Howling and barking. A real racket.
"I thought, 'Oh jeez, the dog's getting
into a porcupine,'" Tuliper said, recounting the experience Wednesday.
He heard his wife, Linda, holler out of concern
for the family dog.
Then her shouts turned to screams of fright: A
large, rabid bobcat was trying to get through the front door.
"It was snarling and it was growling and
it was clawing for all its worth," Tuliper said.
As Tuliper tells it, the bobcat - a full-grown
female that weighed more that 40 pounds - had been backed into a narrow front
entryway by the dog. Tuliper's wife, concerned for their German shepherd tied up
in the front yard, had opened the door to check.
When she did, the bobcat tried to barge in.
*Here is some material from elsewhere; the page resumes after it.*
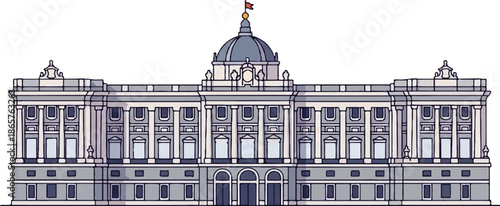 Ornate neoclassical building with dome, colonnades, and arched entrances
Linda Tuliper immediately slammed the door, but wedged the bobcat's head and
front leg between the door and frame. The cat was furiously clawing to get in.
Tuliper said he instinctively went to his gun
cabinet for a rifle, but couldn't find any ammunition. So he went back to his
bedroom, grabbed a machete that he kept near his bed and ran back to the front
door.
His wife and 13-year-old daughter were still
there, trying to shut the door on the animal, but the cat was persistent.
Tuliper lunged at it with the machete and
rained several blows down upon its head.
"I couldn't tell you how long I fought
with it," he said. "The adrenaline was going and all I could think of
was trying to protect my family."
Tuliper's daughter grabbed a pistol and gave it
to her father, who continued to struggle with the bobcat. After striking the
animal in the head several times, Tuliper said, he thought it was dead. But it
continued to flail at him with its claws.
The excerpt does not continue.